In an embodiment, if the secure transaction object is stored in the server database 28 for longer than a threshold amount of time without being deleted, the identity verification service API 52 initiates a process to delete the secure transaction object, even if the secure transaction object has not yet been retrieved.

Turning to FIG. 9, an example embodiment of a secure transaction object 900 is shown. As described above, the secure transaction object 900 includes information about a user that can be used to authenticate the user in transaction, such as biometric information and information associated with an identification document of the user. In the example, the secure transaction object 900 includes a plurality of key-attribute pairs. In the illustrated embodiment, the secure transaction object 900 has a JSON format. In alternative embodiments, the secure transaction object 900 may have alternative formats.

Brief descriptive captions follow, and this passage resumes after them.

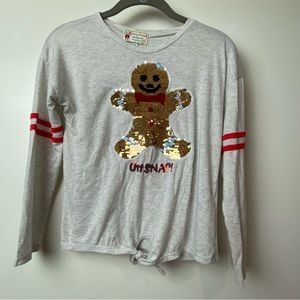 Poof Girl Sz XL big girls Oh Snap gingerbread / snowman sequined top tee shirt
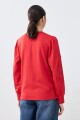 Sweatshirt con calados bordados rojo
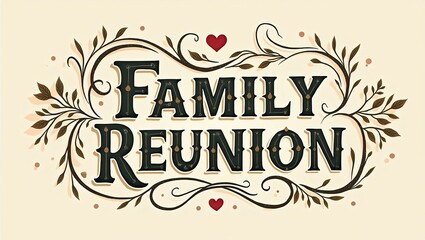 Elegant vintage family reunion design with decorative lettering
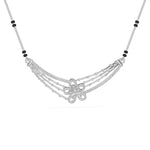 White Gold Cluster Layered Pave Round Lab Grown Diamond Korvix Mangalsutra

In the illustrated embodiment, the secure transaction object includes information associated with a digital travel credential (“dtc”), an identity page of the user's passport (“bioPage”), a machine-readable zone of the user's passport (“mrz”), a self-portrait of the user (“selfie”), a photo of the user for liveness checking (“livenessPhoto”), a biometric template of the user (“biometricProfile”), and an expiration date of the secure transaction object (“expiry”). In some embodiments, some of the keys may not include associated attributes as the information to be stored as the attributes was not collected before generation of the secure transaction object 900.

In embodiments, information associated with the digital travel credential, the identity page of the user's passport, the self-portrait of the user, the photo of the user for liveness checking, and the biometric profile are stored in the secure transaction object 900 as a Base64 string. In embodiments, the information associated with the machine-readable zone of the user's passport is stored as plain text. In embodiments the expiration date of the secure transaction object 900 is stored as a string with a YYMMDD format.

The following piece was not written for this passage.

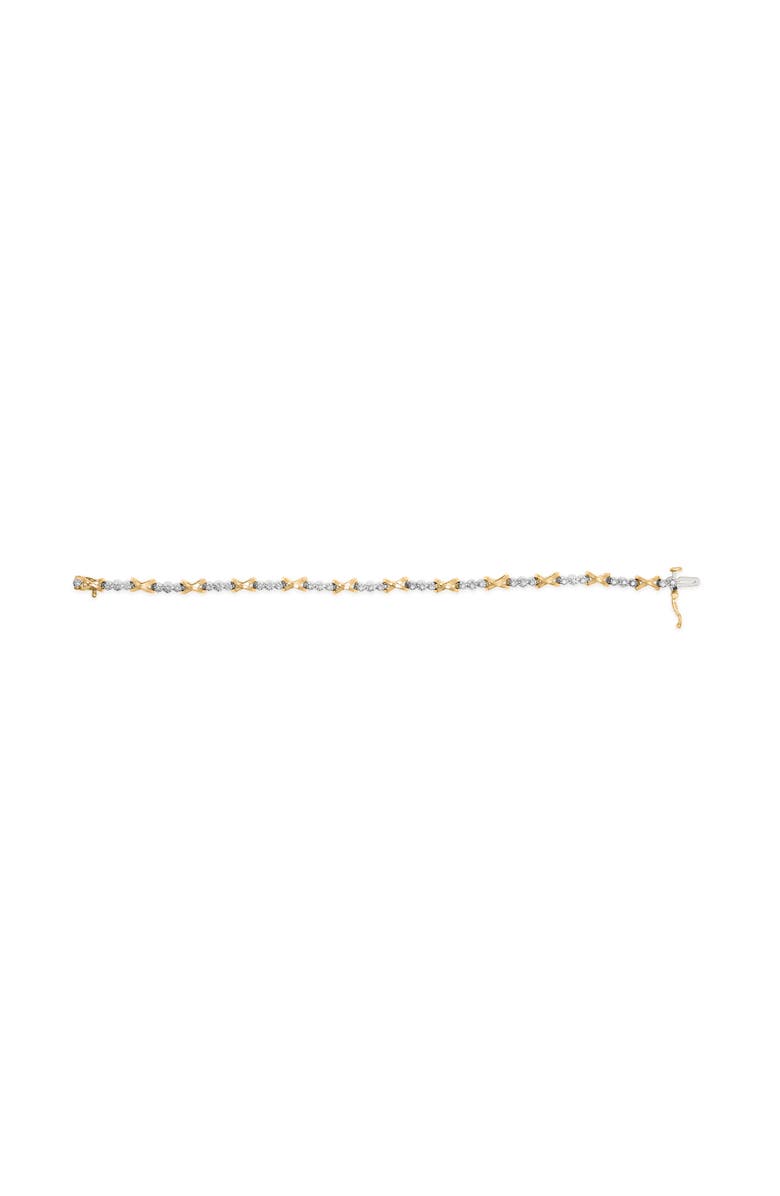 Haus of Brilliance 10K Two-Tone Gold 1/2 Cttw Diamond Alternating 3 Stone and X-Link Bracelet, Alternate, color, Yellow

In embodiments, the secure transaction object 900 is stored along with a hash of the secure transaction object 900 (“hash”), the algorithm used to hash the secure transaction object 900 (“algorithm”), and a public signature of the hash of the secure transaction object 900 (“signature”). In an embodiment, the hash of the secure transaction object 900 is stored as a Base64 string and the algorithm is stored as plain text.

FIG. 10 illustrates an example system 1000 for use of a secure transaction object 38 in authenticating a user 10. The system 1000 is similar to the system 200 illustrated in FIG. 2 and further includes a security checkpoint 60. In the illustrated embodiment, the user 10 uses the secure transaction object 38 for authentication at the security checkpoint 60—for example, to board a flight or a train. In alternative embodiments, the user 10 may use the secure transaction object 38 for authentication for other transactions or interactions. In the illustrated embodiment, the security checkpoint 60 includes a turnstile 62 and a quick-response code (QR code) scanner 64. In some embodiments, the security checkpoint 60 may further include a camera 66 or other sensor for capturing biometric information or other identifying information about users.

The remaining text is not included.